Now that we have our libraries installed, we can compile and upload the Arduino code to the ESP32 Thing Plus.

Serial Upload

Below is the Arduino sketch INO for this project. Copy and paste the code below in your Arduino IDE.

SuperHeadphones Arduino Sketch
/*
Super Headphones
SparkFun Electronics
Pete Lewis
September 2023

Using an ESP32 Thing Plus and a WM8960 Audio Codec,
This project enables you to create your own wireless headphones (aka BT).
It also alows you to mix in a pair of ambient microphones!
Read the tutorial here:
https://docs.sparkfun.com/SuperHeadphones/

This code utilized Paul Schatzmann's ESP32-A2DP library to make all the wireless 
audio (BT) functionality happen. Big thank you to Paul Schatzmann and the many others 
who have contributed to that library!
Download here: https://github.com/pschatzmann/ESP32-A2DP

  Do you like this open source code? Help support SparkFun. Buy a board!
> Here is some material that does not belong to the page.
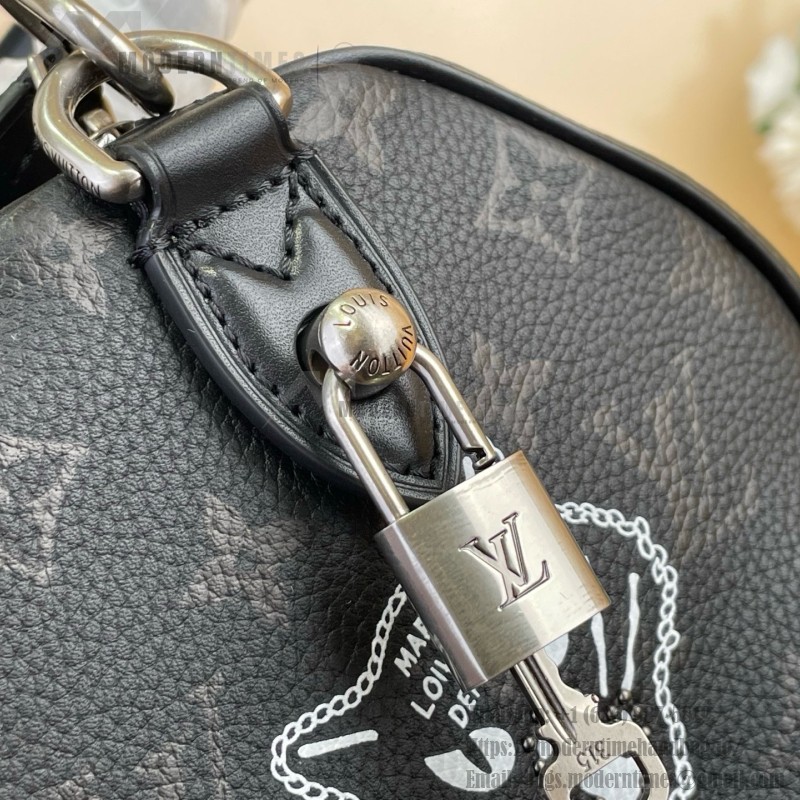 Louis Vuitton-style Speedy P9 Bandoulière 30 M26177 black and red Monogram leather bag with removable strap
    SparkFun Audio Codec Breakout - WM8960 (Qwiic)
    https://www.sparkfun.com/products/21250

    SparkFun Thing Plus - ESP32 WROOM (USB-C)
    https://www.sparkfun.com/products/20168

This program is distributed in the hope that it will be useful,
but WITHOUT ANY WARRANTY; without even the implied warranty of
MERCHANTABILITY or FITNESS FOR A PARTICULAR PURPOSE. See the
GNU General Public License for more details.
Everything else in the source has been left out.